Data excerpts:
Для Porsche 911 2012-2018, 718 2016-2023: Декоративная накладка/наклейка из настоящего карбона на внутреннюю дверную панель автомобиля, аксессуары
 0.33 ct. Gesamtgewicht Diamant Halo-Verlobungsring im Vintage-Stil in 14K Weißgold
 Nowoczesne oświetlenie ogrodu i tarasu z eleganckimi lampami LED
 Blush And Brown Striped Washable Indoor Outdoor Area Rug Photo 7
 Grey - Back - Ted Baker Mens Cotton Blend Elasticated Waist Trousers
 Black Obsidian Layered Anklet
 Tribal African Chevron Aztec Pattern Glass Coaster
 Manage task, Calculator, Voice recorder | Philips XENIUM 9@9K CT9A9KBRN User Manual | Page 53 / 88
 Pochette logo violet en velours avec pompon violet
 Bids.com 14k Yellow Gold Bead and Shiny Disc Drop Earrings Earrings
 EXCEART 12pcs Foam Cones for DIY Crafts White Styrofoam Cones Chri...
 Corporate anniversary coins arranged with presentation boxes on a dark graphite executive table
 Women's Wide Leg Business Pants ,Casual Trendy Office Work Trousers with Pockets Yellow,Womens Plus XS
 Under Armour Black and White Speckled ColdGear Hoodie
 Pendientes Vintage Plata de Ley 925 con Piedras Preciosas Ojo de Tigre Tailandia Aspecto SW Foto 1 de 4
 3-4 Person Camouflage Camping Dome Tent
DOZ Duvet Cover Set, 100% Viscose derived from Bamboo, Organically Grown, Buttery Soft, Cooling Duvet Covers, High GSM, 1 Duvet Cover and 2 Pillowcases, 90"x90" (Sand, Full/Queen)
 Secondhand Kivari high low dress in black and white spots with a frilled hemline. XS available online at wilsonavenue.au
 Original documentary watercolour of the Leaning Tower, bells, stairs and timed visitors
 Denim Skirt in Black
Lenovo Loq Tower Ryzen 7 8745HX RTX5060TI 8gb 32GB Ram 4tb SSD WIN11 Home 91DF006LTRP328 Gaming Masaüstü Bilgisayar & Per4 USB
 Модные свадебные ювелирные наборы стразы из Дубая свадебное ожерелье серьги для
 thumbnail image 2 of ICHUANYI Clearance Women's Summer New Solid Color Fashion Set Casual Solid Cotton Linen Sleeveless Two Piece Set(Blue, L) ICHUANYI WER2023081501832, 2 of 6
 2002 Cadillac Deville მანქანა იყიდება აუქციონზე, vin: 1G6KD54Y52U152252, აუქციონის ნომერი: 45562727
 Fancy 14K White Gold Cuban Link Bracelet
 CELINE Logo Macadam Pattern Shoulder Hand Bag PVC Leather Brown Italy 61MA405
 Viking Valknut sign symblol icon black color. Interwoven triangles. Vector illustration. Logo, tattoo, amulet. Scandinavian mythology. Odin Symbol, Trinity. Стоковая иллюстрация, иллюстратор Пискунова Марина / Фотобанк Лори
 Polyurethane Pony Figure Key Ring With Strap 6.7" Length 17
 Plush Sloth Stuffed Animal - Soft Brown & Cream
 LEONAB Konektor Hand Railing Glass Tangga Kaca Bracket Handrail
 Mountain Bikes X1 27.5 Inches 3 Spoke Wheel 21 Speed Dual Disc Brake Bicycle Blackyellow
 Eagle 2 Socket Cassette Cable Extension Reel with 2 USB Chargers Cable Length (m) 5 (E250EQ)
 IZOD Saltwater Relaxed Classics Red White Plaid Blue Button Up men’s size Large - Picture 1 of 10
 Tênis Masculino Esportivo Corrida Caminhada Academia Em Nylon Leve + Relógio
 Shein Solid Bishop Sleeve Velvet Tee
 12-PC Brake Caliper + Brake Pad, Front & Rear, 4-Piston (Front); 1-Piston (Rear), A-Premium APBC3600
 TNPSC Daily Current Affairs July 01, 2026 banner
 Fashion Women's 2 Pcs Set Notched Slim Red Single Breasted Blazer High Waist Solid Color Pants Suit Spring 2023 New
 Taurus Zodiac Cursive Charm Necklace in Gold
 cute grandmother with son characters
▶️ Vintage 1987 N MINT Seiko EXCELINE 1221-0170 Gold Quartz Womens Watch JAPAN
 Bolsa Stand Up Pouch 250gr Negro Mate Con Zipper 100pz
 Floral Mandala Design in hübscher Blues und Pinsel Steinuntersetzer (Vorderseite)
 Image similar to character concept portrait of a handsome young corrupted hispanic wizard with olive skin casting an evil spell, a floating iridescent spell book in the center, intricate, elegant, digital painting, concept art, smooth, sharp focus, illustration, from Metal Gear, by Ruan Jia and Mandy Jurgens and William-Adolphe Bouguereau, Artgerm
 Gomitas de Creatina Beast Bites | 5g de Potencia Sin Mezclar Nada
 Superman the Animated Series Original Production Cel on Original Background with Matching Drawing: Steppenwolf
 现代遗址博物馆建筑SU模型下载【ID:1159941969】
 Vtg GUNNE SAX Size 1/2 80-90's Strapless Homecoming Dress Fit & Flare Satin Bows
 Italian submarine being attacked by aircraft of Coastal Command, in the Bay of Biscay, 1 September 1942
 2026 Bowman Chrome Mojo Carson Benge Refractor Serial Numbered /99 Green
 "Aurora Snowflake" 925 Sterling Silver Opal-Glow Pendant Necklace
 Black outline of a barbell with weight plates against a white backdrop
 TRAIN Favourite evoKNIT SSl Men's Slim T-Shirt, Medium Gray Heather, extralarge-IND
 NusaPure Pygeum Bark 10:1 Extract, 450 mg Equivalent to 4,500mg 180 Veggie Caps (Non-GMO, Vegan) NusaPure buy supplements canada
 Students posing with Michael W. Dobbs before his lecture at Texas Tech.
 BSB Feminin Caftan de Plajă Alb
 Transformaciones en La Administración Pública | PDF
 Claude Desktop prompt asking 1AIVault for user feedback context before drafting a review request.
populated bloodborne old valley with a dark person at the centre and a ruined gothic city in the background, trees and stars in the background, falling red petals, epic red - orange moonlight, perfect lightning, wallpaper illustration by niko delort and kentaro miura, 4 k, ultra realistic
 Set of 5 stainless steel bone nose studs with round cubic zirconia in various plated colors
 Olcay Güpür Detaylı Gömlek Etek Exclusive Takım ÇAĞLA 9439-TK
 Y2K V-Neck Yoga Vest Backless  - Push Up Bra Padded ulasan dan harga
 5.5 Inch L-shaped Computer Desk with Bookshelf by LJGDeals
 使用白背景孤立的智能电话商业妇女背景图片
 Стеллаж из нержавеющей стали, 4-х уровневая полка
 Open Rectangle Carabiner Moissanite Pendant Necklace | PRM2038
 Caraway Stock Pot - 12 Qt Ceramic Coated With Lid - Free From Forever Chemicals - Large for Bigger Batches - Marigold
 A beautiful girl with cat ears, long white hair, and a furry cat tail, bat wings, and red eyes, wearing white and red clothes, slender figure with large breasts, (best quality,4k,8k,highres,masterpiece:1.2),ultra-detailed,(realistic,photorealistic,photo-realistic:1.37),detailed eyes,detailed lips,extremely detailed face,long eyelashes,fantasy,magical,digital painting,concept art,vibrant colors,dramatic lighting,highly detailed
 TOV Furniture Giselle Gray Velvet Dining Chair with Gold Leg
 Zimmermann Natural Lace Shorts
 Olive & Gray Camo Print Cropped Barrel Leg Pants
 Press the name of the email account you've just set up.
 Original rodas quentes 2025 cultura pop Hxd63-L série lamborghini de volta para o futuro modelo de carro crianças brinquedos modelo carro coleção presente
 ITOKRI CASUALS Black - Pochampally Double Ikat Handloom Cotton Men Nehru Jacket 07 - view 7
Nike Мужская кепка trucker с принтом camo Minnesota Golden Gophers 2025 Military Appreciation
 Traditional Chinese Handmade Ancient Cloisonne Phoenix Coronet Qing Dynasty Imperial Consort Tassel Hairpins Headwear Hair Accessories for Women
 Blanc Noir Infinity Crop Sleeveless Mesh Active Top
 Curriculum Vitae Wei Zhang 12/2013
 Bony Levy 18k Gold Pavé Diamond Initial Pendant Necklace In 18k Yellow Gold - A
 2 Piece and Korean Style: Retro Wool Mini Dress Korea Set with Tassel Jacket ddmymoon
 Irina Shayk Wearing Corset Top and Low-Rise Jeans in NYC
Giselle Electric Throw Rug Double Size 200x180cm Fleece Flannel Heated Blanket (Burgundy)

- WHAT THIS TASK INVOLVES -
Repeat the entries above verbatim, but only from the line that has "Mountain Bikes X1" down to the line that has "Shein Solid Bishop Sleeve Velvet Tee", inclusive.

- COMPLETED EXERCISE -
 Mountain Bikes X1 27.5 Inches 3 Spoke Wheel 21 Speed Dual Disc Brake Bicycle Blackyellow
 Eagle 2 Socket Cassette Cable Extension Reel with 2 USB Chargers Cable Length (m) 5 (E250EQ)
 IZOD Saltwater Relaxed Classics Red White Plaid Blue Button Up men’s size Large - Picture 1 of 10
 Tênis Masculino Esportivo Corrida Caminhada Academia Em Nylon Leve + Relógio
 Shein Solid Bishop Sleeve Velvet Tee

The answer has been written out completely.